Conoscere personalmente i produttori, vedere le loro realizzazioni, ritrovare sapori sconosciuti o scomparsi dà soddisfazione. Lavorare per sviluppare e migliorare i consumi interni è, credo, un punto di forza così come il risparmio per le famiglie. L'acquisto di cibo locale ci mantiene in contatto con le stagioni e ci fa nutrire con cibi che sono al massimo del loro gusto, quando sono più abbondanti e meno costosi. I prodotti coltivati localmente sono più freschi di quelli importati poiché, in genere, quelli acquistati nei supermercati hanno stazionato in reparti refrigerati per giorni o settimane.
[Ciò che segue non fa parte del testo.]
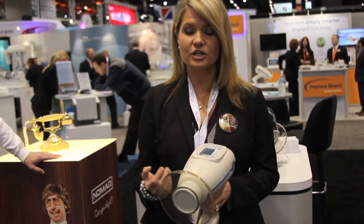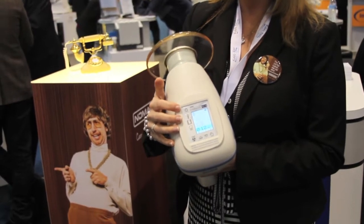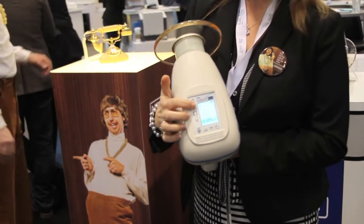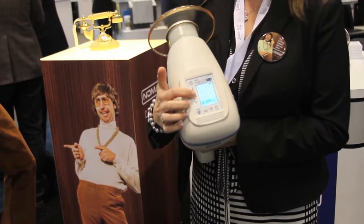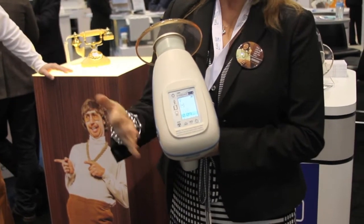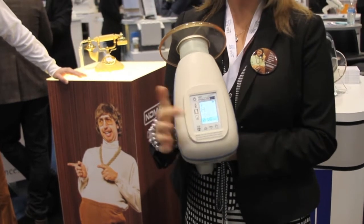It's extremely easy to use. If you look here on the pad — the touch screen — you just turn the unit on. You pick what patient size you want. You pick what medium you're going to use: are you using a digital sensor, film, or a phosphor plate? And then what are you shooting — anteriors, posteriors, or bitewings?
La freschezza non riguarda solo il gusto del nostro cibo, ma il valore nutrizionale, che diminuisce con il passare del tempo. Avete riscontrato criticità nel portare avanti il sistema? 
Le criticità fanno parte di tutti i sistemi. La scelta della snellezza, della sobrietà e delle sinergie in campo, aiuta a diminuirle. Per questo ci sono delle regole, per ciascuno.
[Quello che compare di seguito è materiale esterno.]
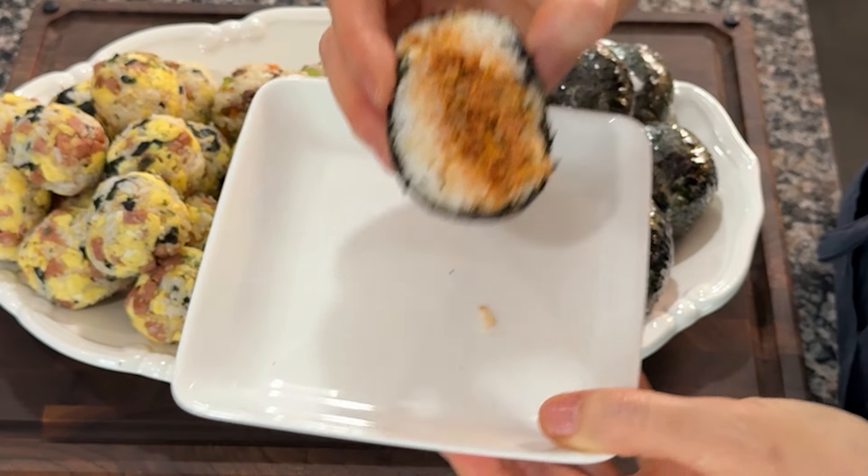Put about 2 bowls of rice in a bowl. Add 2 pinches of salt, 1 tablespoon of sesame oil, and 1 tablespoon of sesame seeds. Mix well.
Quali sono i vostri punti di debolezza? 
Uno per tutti: le distanze che si allungano per la situazione delle strade locali. A volte non si riesce a far partire un gruppo per la distanza che intercorre tra una delle nostre piattaforme (dove si concentrano i conferimenti di prodotto e dove vengono composte le cassette) e i luoghi nei quali recapitare: vorremmo essere più presenti e capillari.
Prossime iniziative? Progetti? 
Tantissimi, dalla spinta verso il biologico all'attività di promozione nelle scuole, alle mense, alla ristorazione, alle manifestazioni, alla collaborazione con nutrizionisti visto che, principalmente, ci occupiamo di cibo, locale, di stagione e di qualità.